Car les données techniques font défaut. Aucune campagne de prospection sérieuse n’a confirmé la présence d’hydrocarbures exploitables autour desdites îles. Les rares études disponibles – notamment une modeste analyse sismique réalisée en 2001 – n’ont porté que sur des zones périphériques. Les 743 millions de barils estimés par S&P Global Commodity Insights pour la région concernent l’ensemble du bassin, pas ces îlots en particulier. L’annonce par la Guinée équatoriale d’un programme sismique de 60 millions USD, lancé en 2025 avec la compagnie américaine Searcher, marque un frémissement, non une certitude.

En attendant, les fondamentaux s’effondrent en Guinée équatoriale. Le PIB par habitant a chuté de plus de 60 % depuis 2008. 70 % de la population vit sous le seuil de pauvreté. L’Indice de développement humain stagne. Le pays s’emploie à diversifier son économie, mais reste dépendant à 80 % des recettes pétrolières. L’exploitation éventuelle des îles, si tant est qu’elle s’avère rentable, n’interviendra pas avant plusieurs années. D’ici là, les caisses publiques continueront de se vider.

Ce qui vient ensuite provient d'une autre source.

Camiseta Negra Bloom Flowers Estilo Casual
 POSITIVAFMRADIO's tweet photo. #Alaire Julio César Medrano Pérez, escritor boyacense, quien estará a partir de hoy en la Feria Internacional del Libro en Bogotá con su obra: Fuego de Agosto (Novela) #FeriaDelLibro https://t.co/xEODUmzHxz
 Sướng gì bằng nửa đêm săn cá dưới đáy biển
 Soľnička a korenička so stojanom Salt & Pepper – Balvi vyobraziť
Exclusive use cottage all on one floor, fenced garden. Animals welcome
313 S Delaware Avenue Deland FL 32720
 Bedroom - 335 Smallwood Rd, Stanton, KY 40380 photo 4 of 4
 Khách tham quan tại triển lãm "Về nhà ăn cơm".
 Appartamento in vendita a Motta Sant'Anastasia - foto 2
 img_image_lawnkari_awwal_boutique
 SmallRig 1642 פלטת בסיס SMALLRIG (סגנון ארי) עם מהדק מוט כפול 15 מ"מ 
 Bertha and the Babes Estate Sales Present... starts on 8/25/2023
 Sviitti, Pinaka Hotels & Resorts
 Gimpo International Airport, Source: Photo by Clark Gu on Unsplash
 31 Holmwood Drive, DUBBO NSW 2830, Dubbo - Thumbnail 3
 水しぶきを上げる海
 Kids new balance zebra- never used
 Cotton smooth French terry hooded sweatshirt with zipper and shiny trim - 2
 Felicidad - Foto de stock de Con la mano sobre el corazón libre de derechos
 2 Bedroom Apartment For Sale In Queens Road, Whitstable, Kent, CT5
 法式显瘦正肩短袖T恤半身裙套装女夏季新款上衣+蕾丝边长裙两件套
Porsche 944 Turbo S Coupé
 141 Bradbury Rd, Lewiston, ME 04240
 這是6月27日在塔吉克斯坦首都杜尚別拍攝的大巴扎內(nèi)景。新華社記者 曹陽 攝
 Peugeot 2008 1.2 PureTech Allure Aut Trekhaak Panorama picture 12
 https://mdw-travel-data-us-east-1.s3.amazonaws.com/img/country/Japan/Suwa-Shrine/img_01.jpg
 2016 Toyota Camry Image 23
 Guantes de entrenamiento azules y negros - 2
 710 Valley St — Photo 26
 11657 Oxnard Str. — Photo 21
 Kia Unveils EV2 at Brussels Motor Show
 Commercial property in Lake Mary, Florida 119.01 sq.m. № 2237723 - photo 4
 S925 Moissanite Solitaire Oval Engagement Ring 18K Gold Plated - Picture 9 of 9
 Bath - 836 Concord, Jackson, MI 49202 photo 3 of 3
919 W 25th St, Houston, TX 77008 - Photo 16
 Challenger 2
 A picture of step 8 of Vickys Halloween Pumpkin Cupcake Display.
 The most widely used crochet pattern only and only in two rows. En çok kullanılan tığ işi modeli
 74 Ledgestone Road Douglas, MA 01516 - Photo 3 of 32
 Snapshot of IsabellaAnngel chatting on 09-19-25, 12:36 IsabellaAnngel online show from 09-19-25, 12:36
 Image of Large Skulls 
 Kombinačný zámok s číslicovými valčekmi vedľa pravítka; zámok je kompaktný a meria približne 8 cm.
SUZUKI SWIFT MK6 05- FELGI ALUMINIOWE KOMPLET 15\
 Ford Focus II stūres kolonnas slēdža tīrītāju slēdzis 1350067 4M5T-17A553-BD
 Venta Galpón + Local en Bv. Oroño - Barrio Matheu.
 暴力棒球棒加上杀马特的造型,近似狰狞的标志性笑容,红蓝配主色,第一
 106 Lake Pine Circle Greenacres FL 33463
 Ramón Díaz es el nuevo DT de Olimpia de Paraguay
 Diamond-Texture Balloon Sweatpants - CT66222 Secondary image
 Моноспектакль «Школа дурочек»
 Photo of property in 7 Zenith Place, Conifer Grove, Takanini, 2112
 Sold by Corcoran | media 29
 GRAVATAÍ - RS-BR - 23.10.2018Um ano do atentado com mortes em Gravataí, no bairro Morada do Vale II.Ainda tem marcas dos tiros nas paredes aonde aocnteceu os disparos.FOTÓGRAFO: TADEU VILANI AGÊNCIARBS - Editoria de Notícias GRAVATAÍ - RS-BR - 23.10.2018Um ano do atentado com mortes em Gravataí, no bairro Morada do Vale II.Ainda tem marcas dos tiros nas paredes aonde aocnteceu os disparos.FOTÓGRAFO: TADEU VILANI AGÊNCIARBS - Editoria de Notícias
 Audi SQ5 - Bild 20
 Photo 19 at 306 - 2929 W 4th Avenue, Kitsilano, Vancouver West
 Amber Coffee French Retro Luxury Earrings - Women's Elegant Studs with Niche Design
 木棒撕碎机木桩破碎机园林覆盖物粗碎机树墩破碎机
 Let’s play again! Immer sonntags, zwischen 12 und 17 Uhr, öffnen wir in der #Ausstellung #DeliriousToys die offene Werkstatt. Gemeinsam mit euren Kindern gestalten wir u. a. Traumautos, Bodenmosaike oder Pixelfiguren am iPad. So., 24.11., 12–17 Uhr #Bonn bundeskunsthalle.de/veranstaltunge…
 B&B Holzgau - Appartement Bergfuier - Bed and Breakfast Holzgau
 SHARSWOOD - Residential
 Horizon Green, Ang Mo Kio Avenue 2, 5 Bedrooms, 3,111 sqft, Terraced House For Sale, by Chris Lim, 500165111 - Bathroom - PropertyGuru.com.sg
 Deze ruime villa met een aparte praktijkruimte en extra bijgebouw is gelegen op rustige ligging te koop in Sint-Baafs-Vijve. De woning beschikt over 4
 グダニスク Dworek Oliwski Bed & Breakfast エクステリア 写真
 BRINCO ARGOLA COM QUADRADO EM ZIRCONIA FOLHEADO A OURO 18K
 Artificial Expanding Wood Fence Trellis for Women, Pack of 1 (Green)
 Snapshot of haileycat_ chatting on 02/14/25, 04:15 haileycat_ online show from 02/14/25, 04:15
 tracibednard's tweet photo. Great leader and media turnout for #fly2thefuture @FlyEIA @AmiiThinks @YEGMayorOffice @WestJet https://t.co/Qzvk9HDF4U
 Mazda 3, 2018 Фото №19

Le pétrole fut une providence. Il devient une prison. Et les îles du contentieux, si elles alimentent l’imaginaire politique, ne suffiront peut-être pas à sauver une économie à bout de souffle. La Guinée équatoriale joue sa dernière carte. Mais nul ne sait encore si la relance viendra de la mer ou si le mirage se dissipera avec la marée.

 
GR
 

1 Commentaire

  1. Békalé Boris dit :

    Salut,

    J’ai fait des recherches sur les données économiques du Gabon et de la Guinée Équatoriale pour la décennie 2010-2020.
    Effectivement, les deux pays traversent une période économique très difficile.

    Tous les problèmes que vous avez identifiés concernant l’économie de la Guinée Équatoriale s’appliquent tout autant au Gabon : baisse de la production pétrolière, diminution des revenus, augmentation de la dette, etc.

    Cependant, il ne faut pas oublier un point essentiel : contrairement au Gabon, durant son boom pétrolier, la Guinée Équatoriale a massivement investi dans les infrastructures (routes, hôpitaux, production d’eau et d’électricité). Cela peut etre un avantage qui amortira le choc économique actuel.

    Moi, personnellement, je compare le Gabon et la Guinée Équatoriale à deux fonctionnaires qui vont à la retraite.
    L’un (la Guinée Équatoriale) a déjà construit sa petite maison, tandis que l’autre (le Gabon) est encore en train de démarrer son chantier.
    Moi, Je me fais donc plus de soucis pour le second que pour le premier.